:: Record extracts

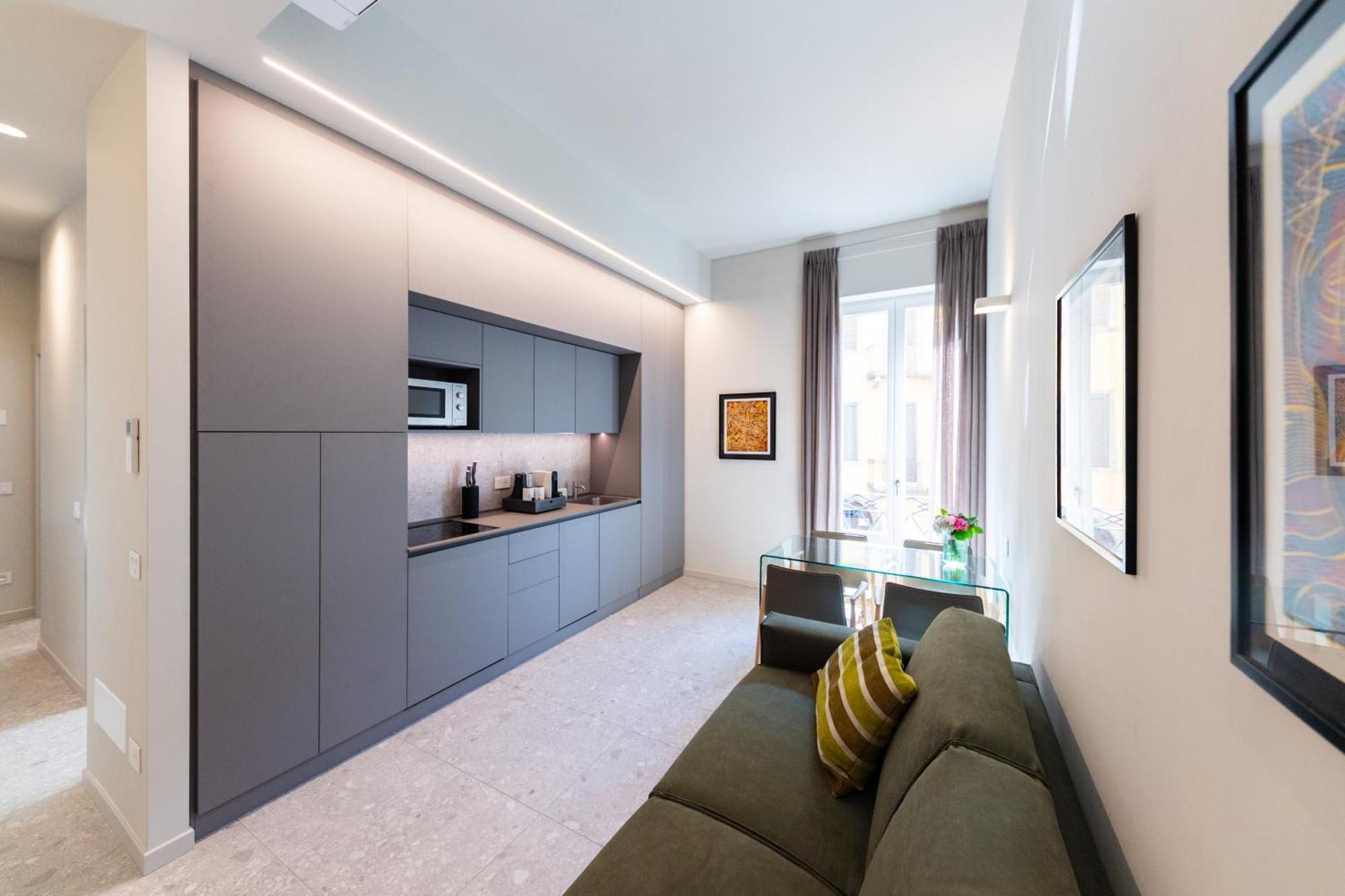 Apartment Rego - Boutique With Some Off-site In A Charming Historic District Close To Upper Town *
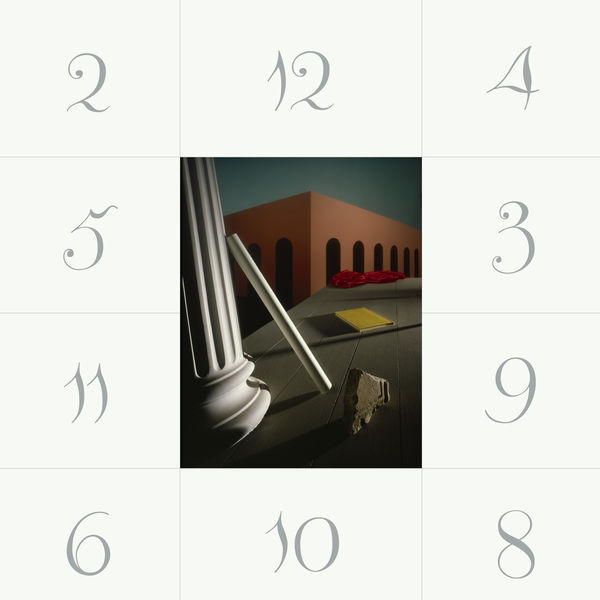 New Order - Thieves Like Us (2020 Digital Master) New Order - Thieves Like Us (2020 Digital Master)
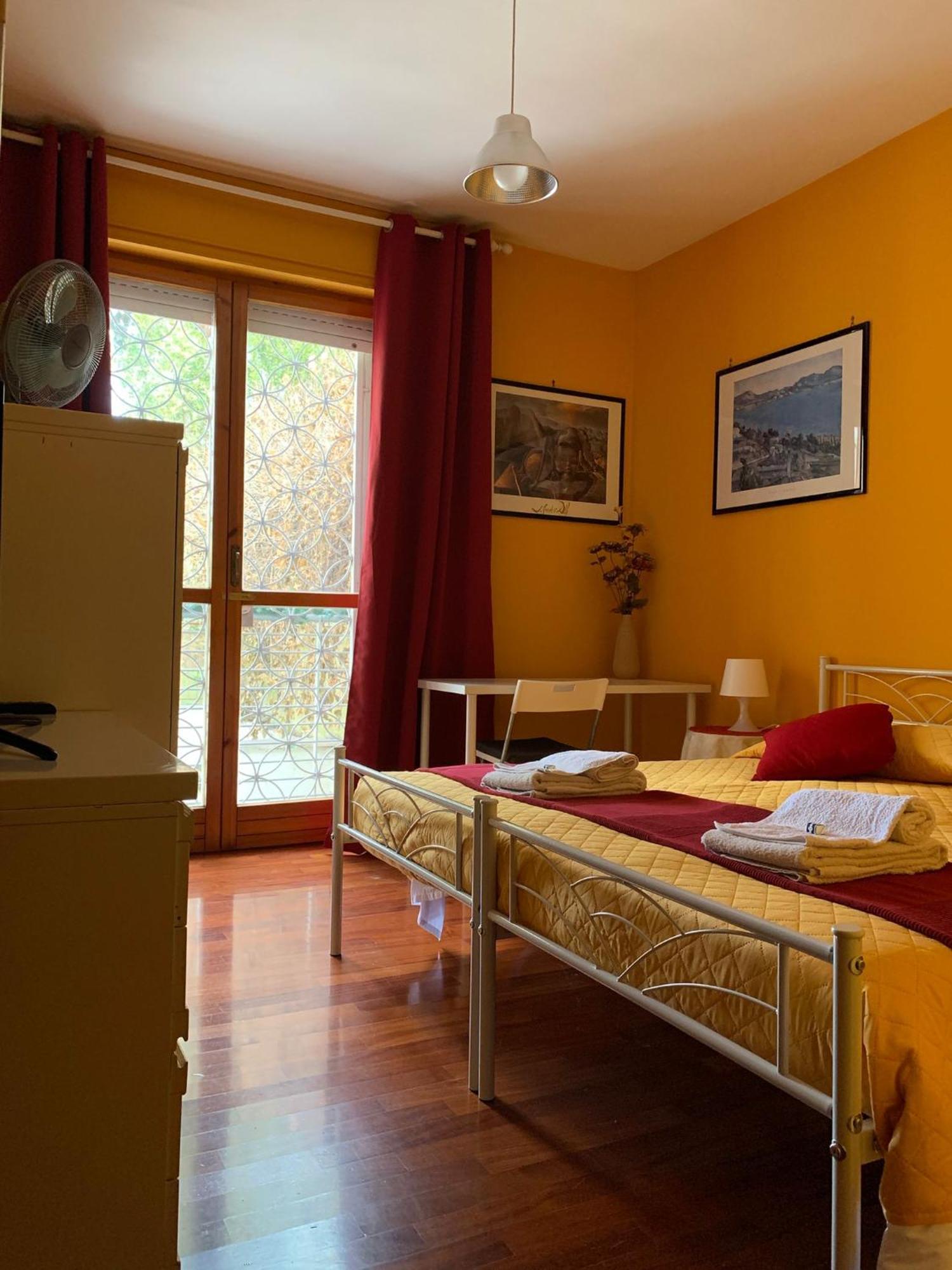 Apartamento Lunabed - Affitti Brevi *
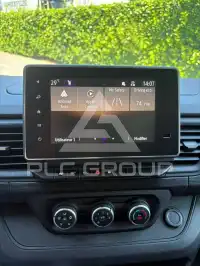 2025 Renault Trafic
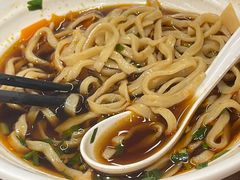 -平娃三宝烧烤·面食(南小街店)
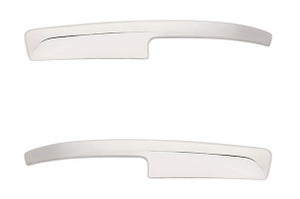 ORVM Garnish - Chrome | Grand Vitara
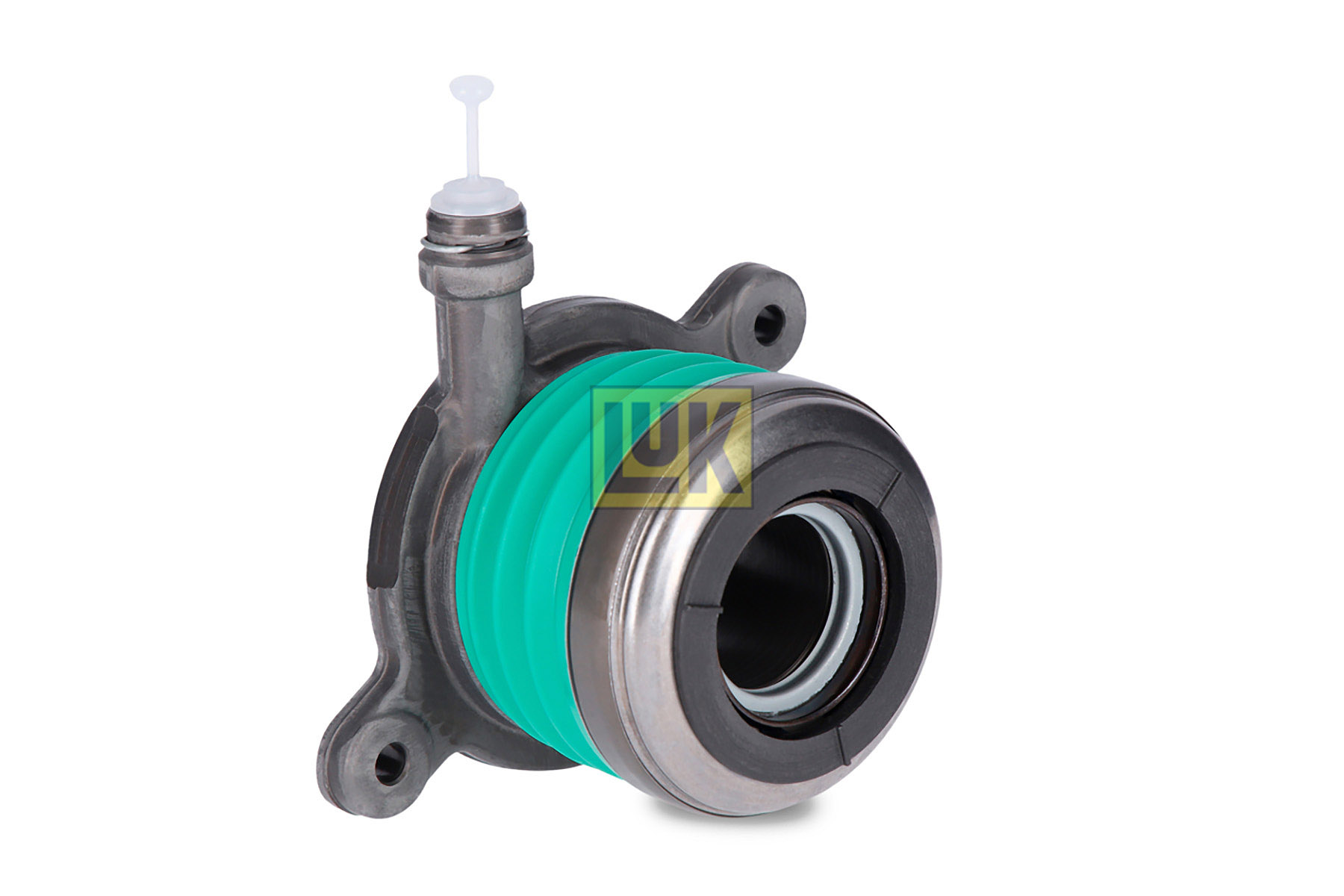 Central Slave Cylinder, clutch - 510 0158 10 Schaeffler LuK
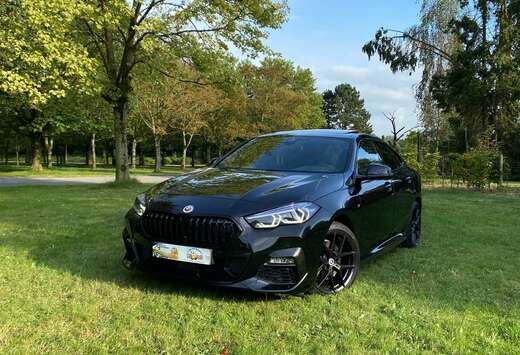 BMW 218i Gran Coupe M Sport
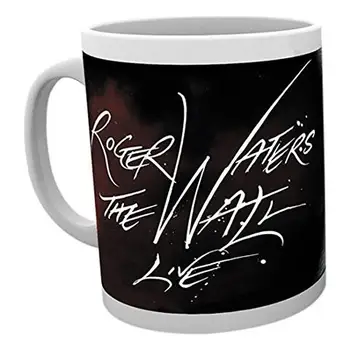 

Cup-The Wall - LivePink Floyd7.15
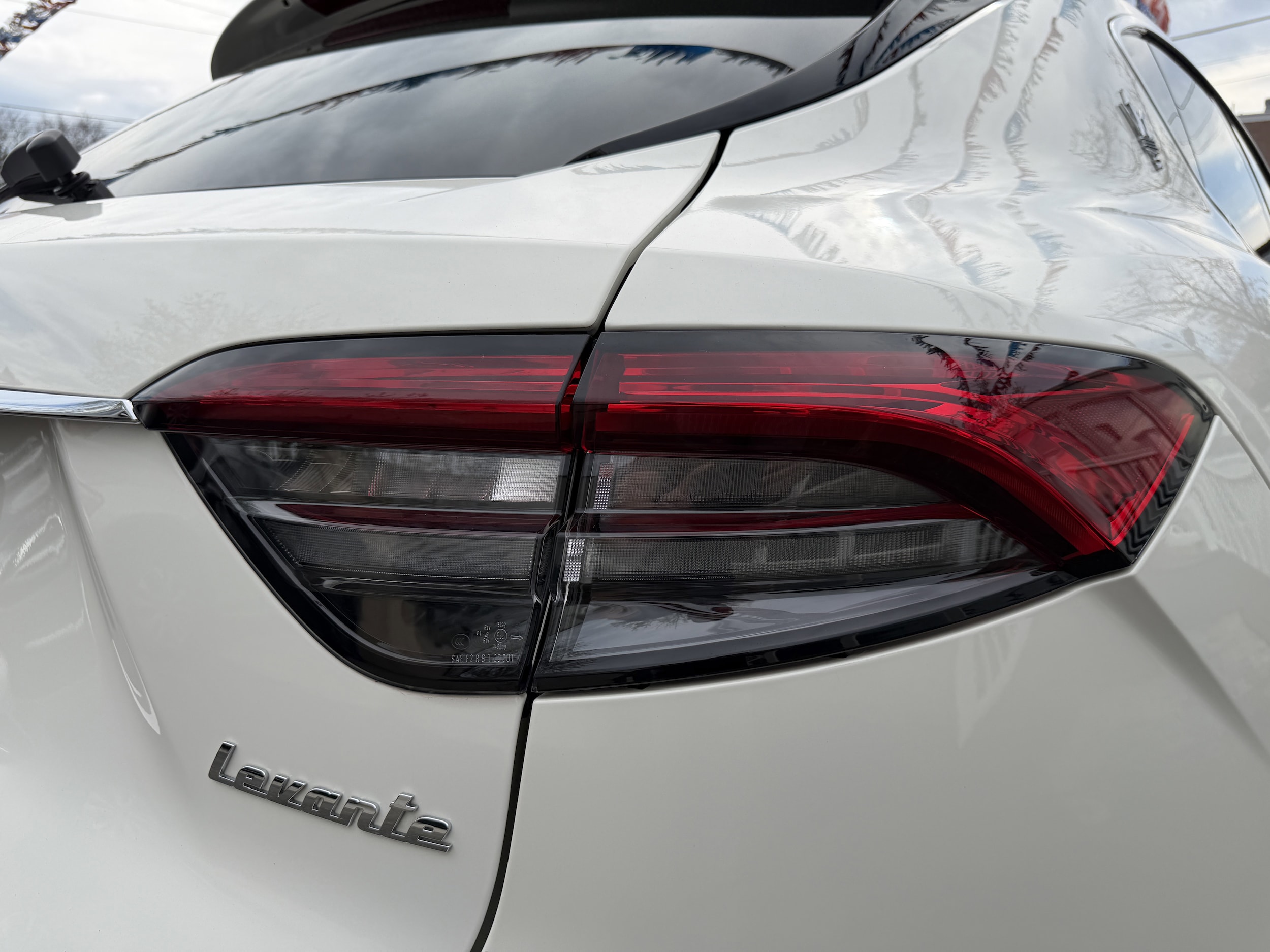 2022 Maserati Levante GT - Photo 17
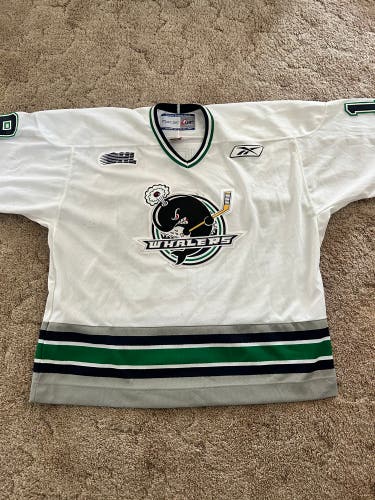 Plymouth Whalers James Neal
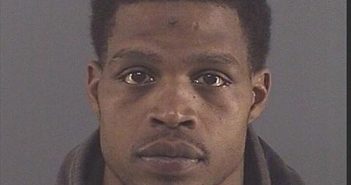 BONNER, FREDDIE LEE II | 2017-07-31 Peoria County, Illinois Booking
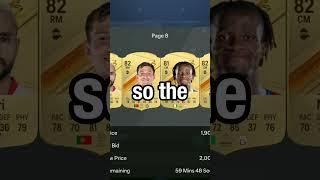 Best Way to Make Coins in EA Sports FC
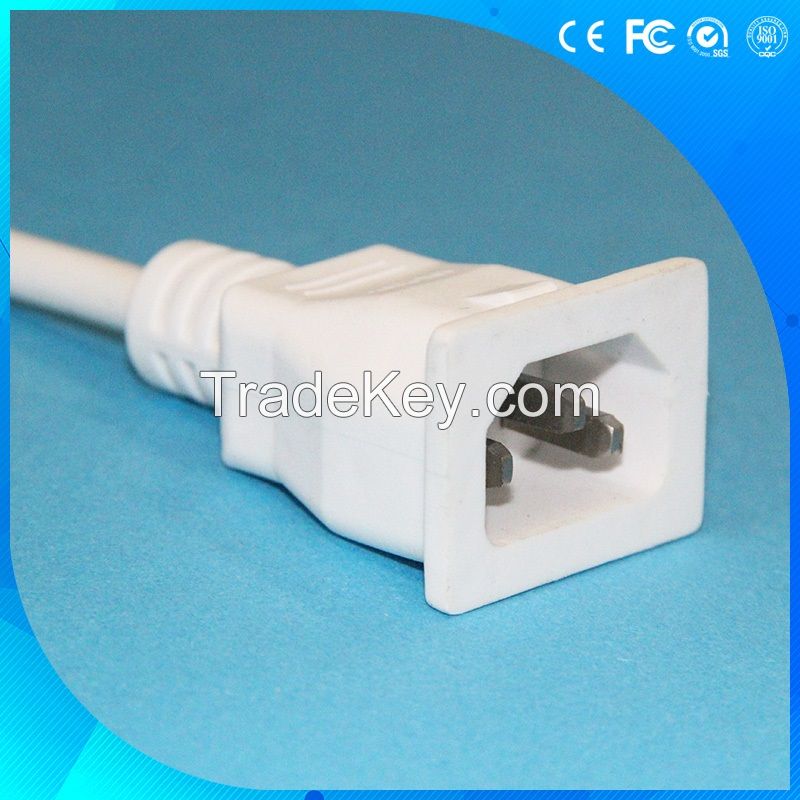 IEC connector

::::

The problem: Reproduce, word for word, every line from the start of the records down to and including the line with "ORVM Garnish - Chrome | Grand Vitara"; skip the pictures.

Worked solution:
 Apartment Rego - Boutique With Some Off-site In A Charming Historic District Close To Upper Town *
 New Order - Thieves Like Us (2020 Digital Master) New Order - Thieves Like Us (2020 Digital Master)
 Apartamento Lunabed - Affitti Brevi *
 2025 Renault Trafic
 -平娃三宝烧烤·面食(南小街店)
 ORVM Garnish - Chrome | Grand Vitara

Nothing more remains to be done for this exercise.